ASSIGNMENT: Within the records below is a range that opens at the line with "Фото Конструктор металлический" and closes at the line with "SexyElegant Amazon Cross-Border". Return that range word for word, both ends included, and only that range.

===

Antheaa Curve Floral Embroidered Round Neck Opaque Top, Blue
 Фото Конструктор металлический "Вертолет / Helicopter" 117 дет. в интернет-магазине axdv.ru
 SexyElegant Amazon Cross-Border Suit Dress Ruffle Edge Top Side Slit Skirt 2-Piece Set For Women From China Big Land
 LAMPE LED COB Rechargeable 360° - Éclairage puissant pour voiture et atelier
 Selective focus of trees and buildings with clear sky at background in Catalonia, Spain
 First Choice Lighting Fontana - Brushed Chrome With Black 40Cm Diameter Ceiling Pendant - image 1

===

TASK OUTPUT:
 Фото Конструктор металлический "Вертолет / Helicopter" 117 дет. в интернет-магазине axdv.ru
 SexyElegant Amazon Cross-Border Suit Dress Ruffle Edge Top Side Slit Skirt 2-Piece Set For Women From China Big Land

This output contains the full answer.